### Records to process
************
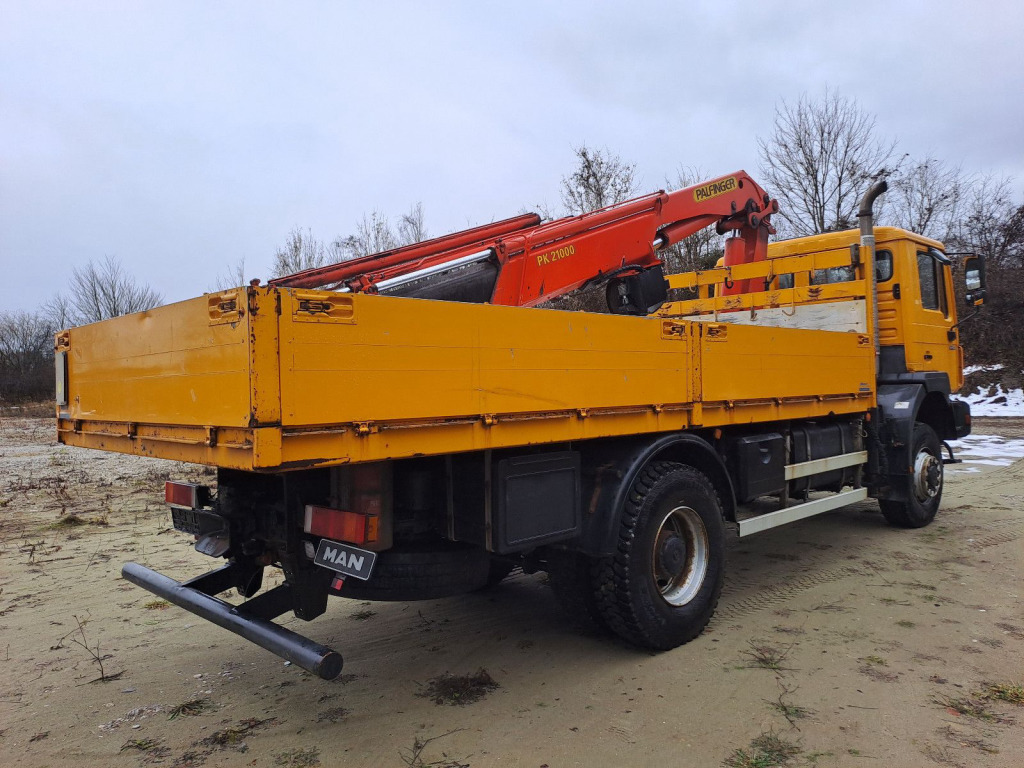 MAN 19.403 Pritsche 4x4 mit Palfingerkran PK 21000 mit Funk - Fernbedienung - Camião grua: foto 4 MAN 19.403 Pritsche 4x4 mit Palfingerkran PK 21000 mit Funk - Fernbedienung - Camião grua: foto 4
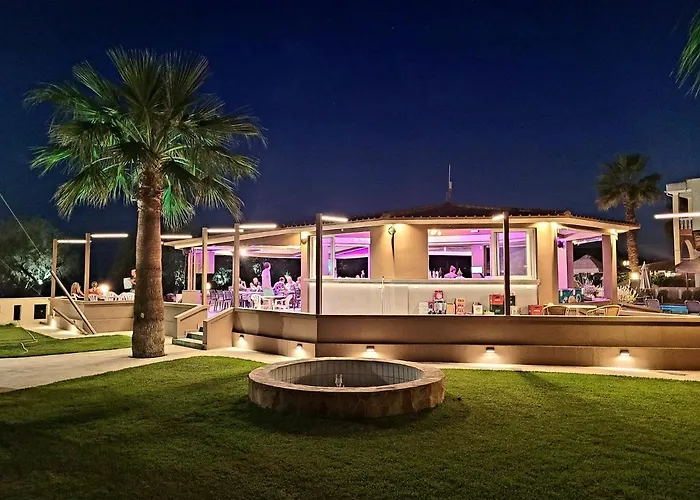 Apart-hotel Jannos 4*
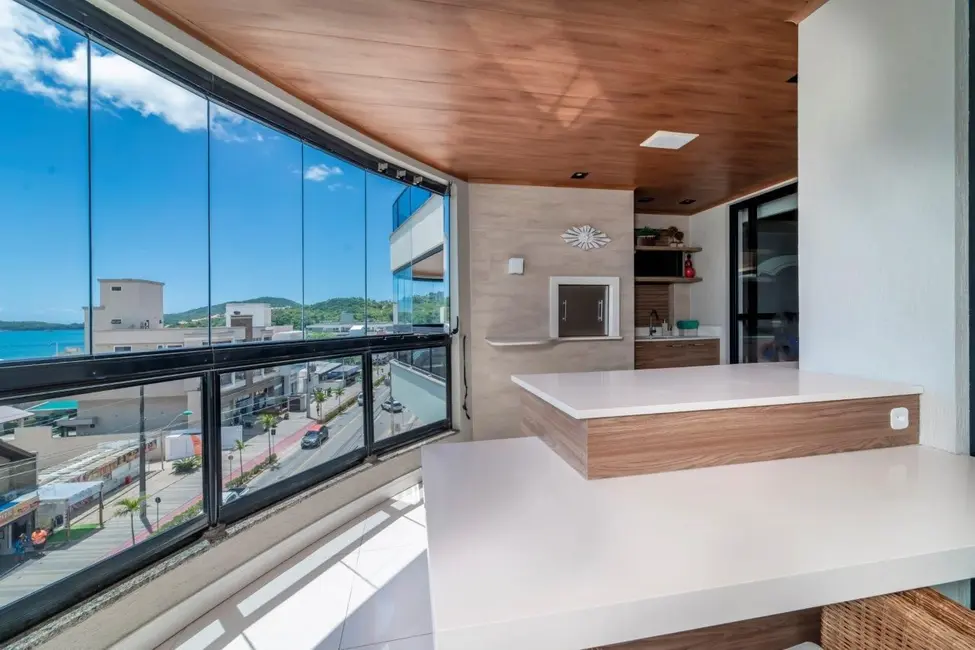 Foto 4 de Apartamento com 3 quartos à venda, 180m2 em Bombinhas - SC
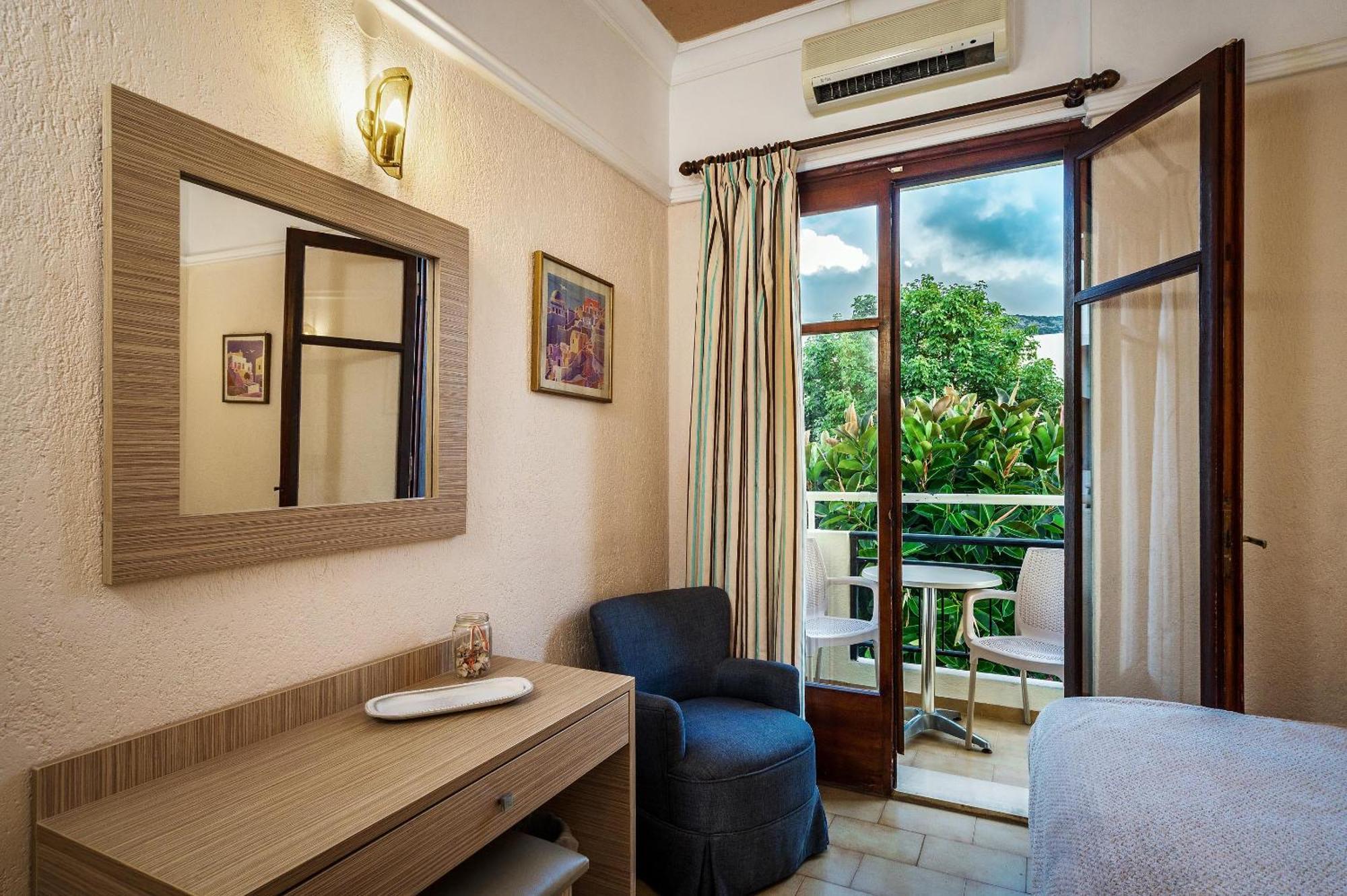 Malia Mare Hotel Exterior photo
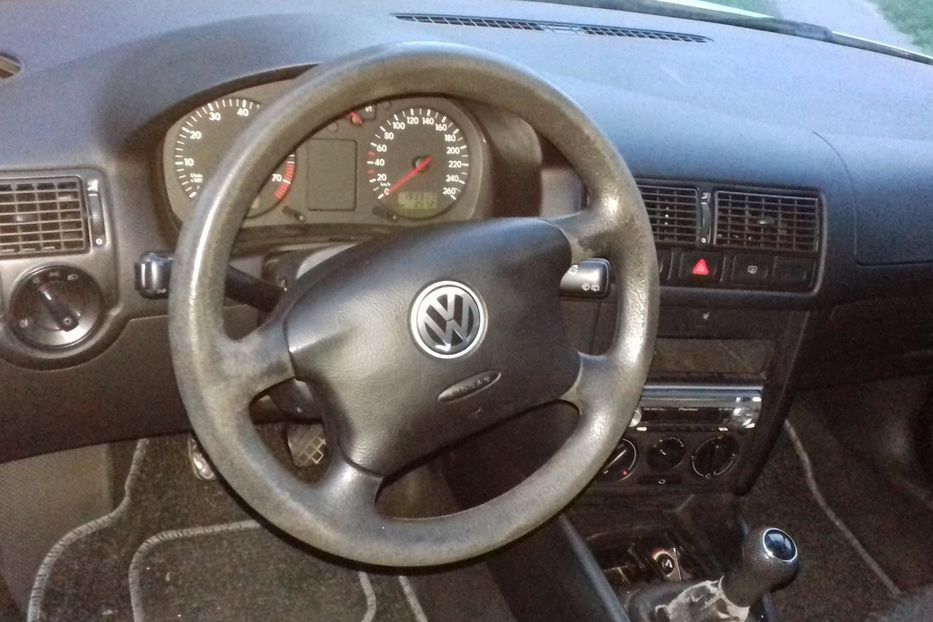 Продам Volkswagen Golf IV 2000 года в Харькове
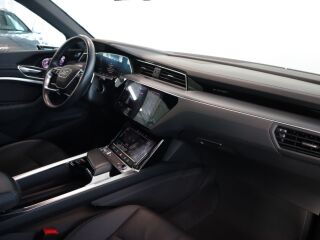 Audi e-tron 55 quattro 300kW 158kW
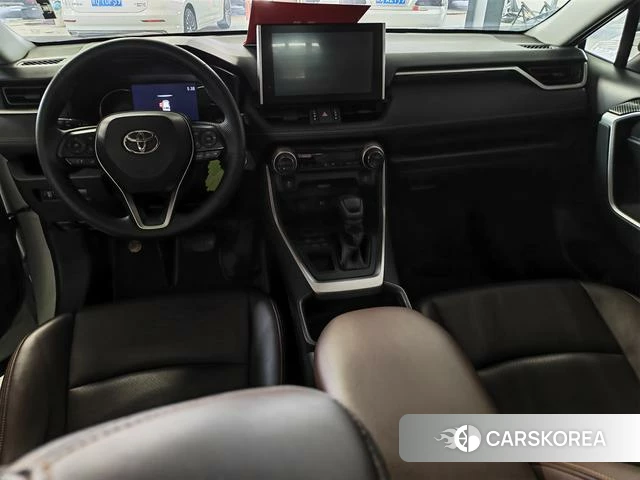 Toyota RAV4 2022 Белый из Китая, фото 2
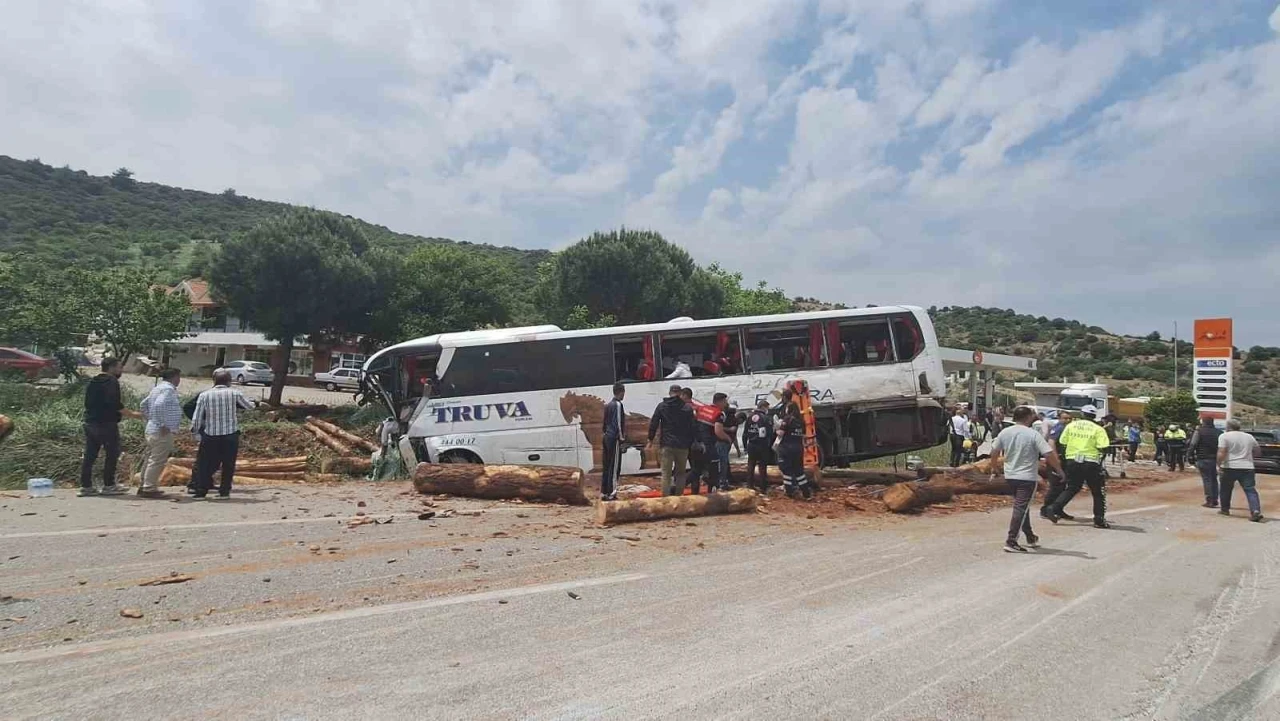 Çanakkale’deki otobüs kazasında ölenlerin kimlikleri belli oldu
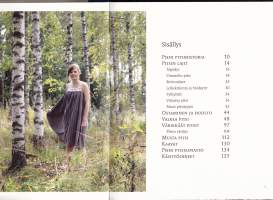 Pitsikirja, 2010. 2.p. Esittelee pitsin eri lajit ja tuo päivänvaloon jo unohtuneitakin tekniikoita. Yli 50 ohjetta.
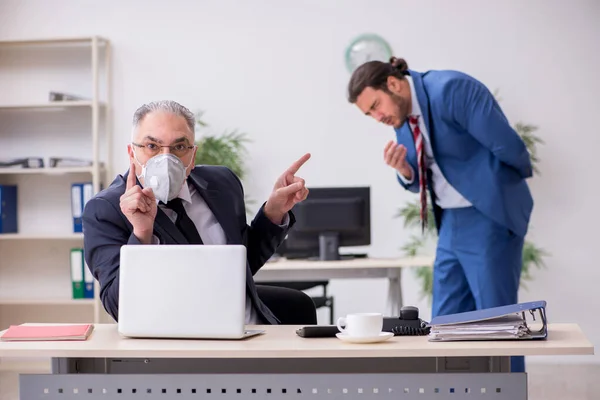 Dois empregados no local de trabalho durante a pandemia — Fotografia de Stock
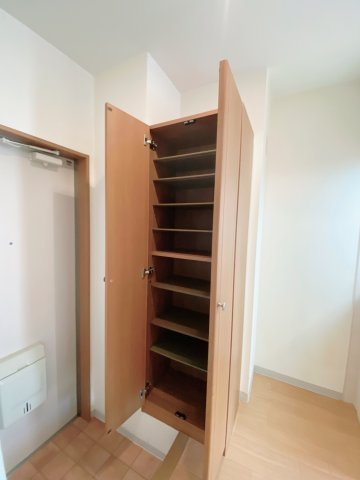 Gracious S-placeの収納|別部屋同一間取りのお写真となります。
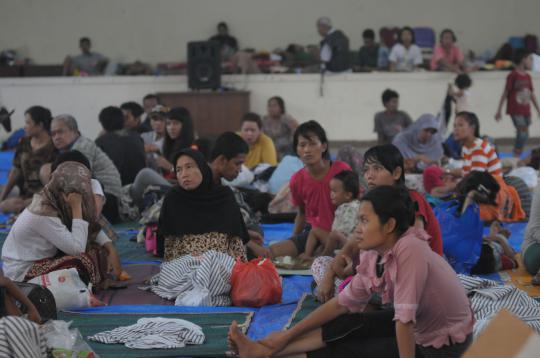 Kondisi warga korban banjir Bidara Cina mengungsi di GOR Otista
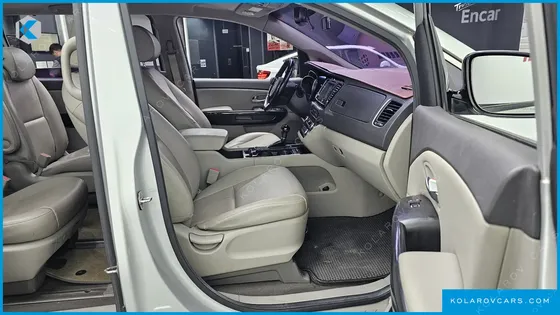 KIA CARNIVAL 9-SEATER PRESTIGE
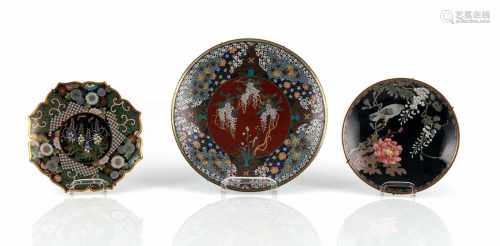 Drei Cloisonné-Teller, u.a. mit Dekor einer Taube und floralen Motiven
************
### Goal of the exercise
Retype the records exactly, but skip the pictures.

### Result of the task
 MAN 19.403 Pritsche 4x4 mit Palfingerkran PK 21000 mit Funk - Fernbedienung - Camião grua: foto 4 MAN 19.403 Pritsche 4x4 mit Palfingerkran PK 21000 mit Funk - Fernbedienung - Camião grua: foto 4
 Apart-hotel Jannos 4*
 Foto 4 de Apartamento com 3 quartos à venda, 180m2 em Bombinhas - SC
 Malia Mare Hotel Exterior photo
 Продам Volkswagen Golf IV 2000 года в Харькове
 Audi e-tron 55 quattro 300kW 158kW
 Toyota RAV4 2022 Белый из Китая, фото 2
 Çanakkale’deki otobüs kazasında ölenlerin kimlikleri belli oldu
 Pitsikirja, 2010. 2.p. Esittelee pitsin eri lajit ja tuo päivänvaloon jo unohtuneitakin tekniikoita. Yli 50 ohjetta.
 Dois empregados no local de trabalho durante a pandemia — Fotografia de Stock
 Gracious S-placeの収納|別部屋同一間取りのお写真となります。
 Kondisi warga korban banjir Bidara Cina mengungsi di GOR Otista
 KIA CARNIVAL 9-SEATER PRESTIGE
 Drei Cloisonné-Teller, u.a. mit Dekor einer Taube und floralen Motiven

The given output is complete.